%%
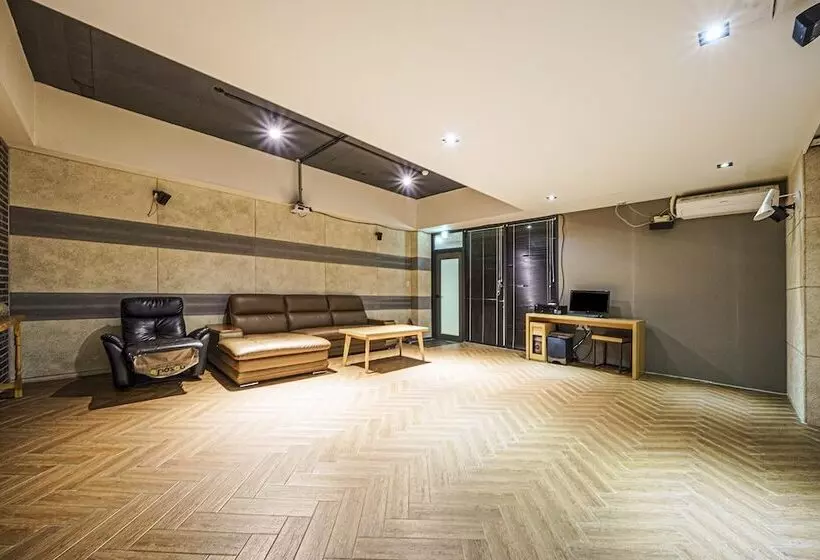 Motelli Daegu Daegu Airport Boing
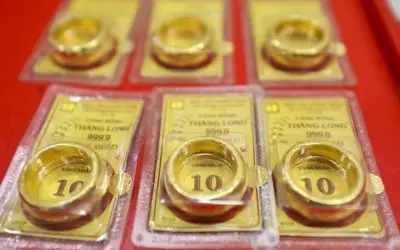 Giá vàng hôm nay 23/4: SJC, nhẫn, Bảo Tín Minh Châu, Phú Quý, DOJI biến động mạnh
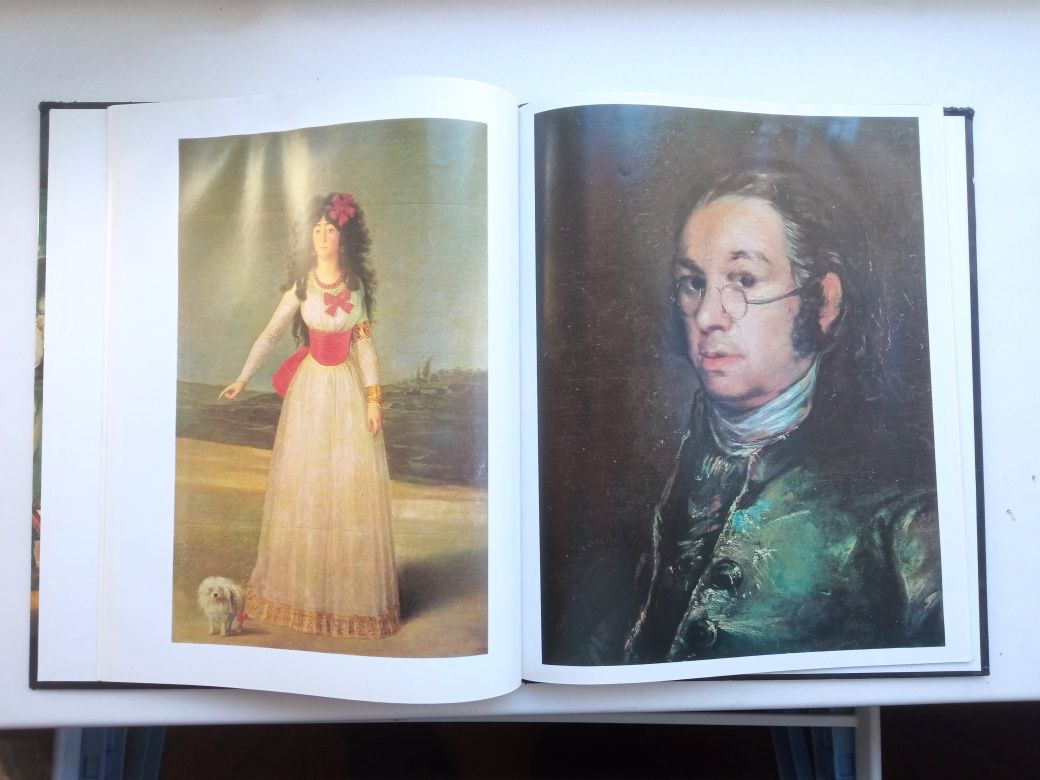 Книги Goya и Manet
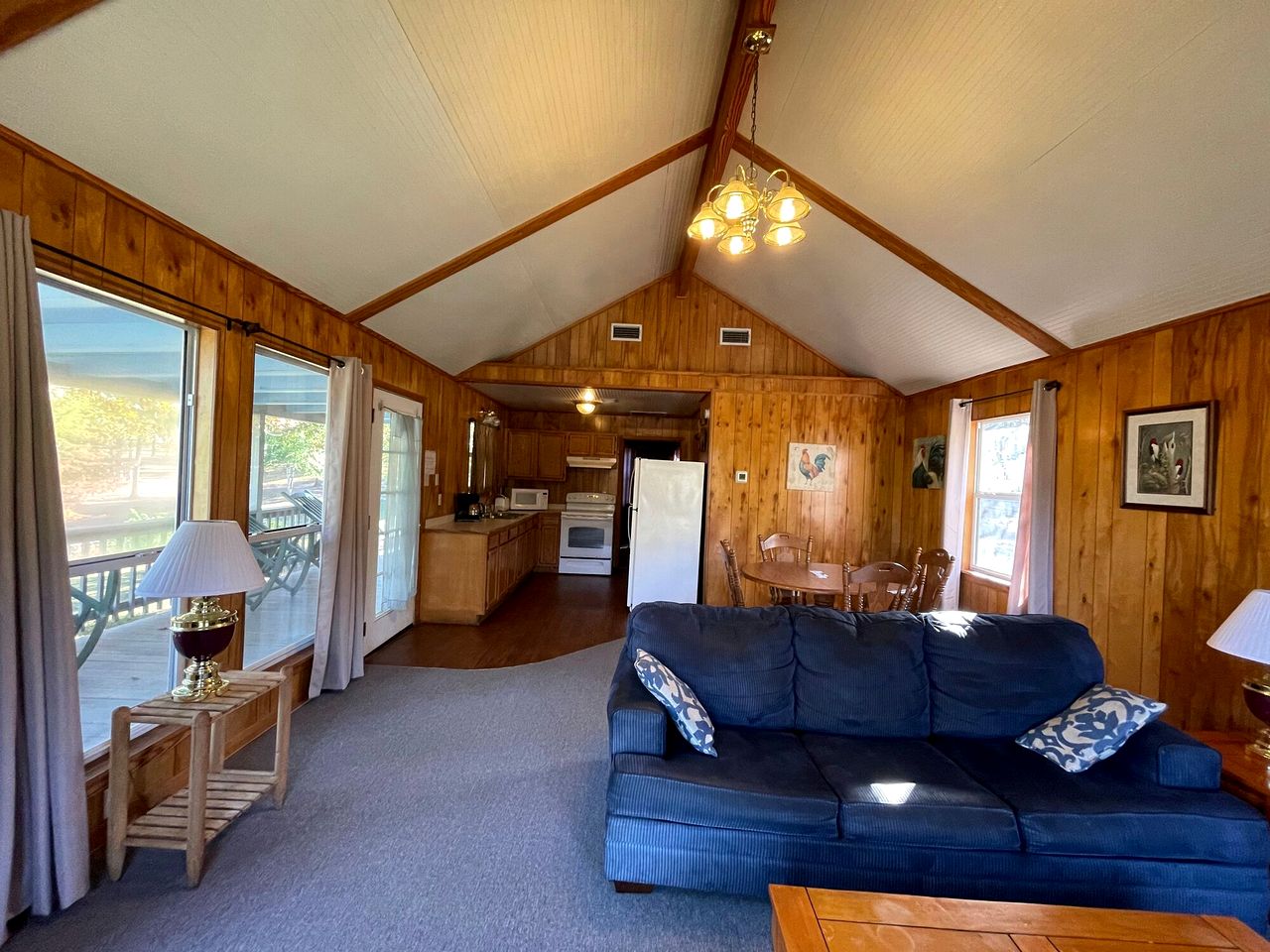 Charming Waterfront Cabin with Private Stocked Pond near Zwolle, Louisiana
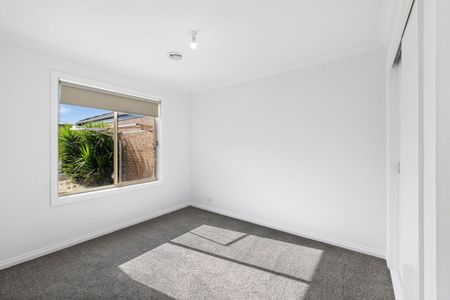 Quality Three Bedroom Home - Photo 3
%%
**GOAL OF THE EXERCISE**
Could you copy the data above exactly, leaving the pictures out?

**TASK OUTPUT**
 Motelli Daegu Daegu Airport Boing
 Giá vàng hôm nay 23/4: SJC, nhẫn, Bảo Tín Minh Châu, Phú Quý, DOJI biến động mạnh
 Книги Goya и Manet
 Charming Waterfront Cabin with Private Stocked Pond near Zwolle, Louisiana
 Quality Three Bedroom Home - Photo 3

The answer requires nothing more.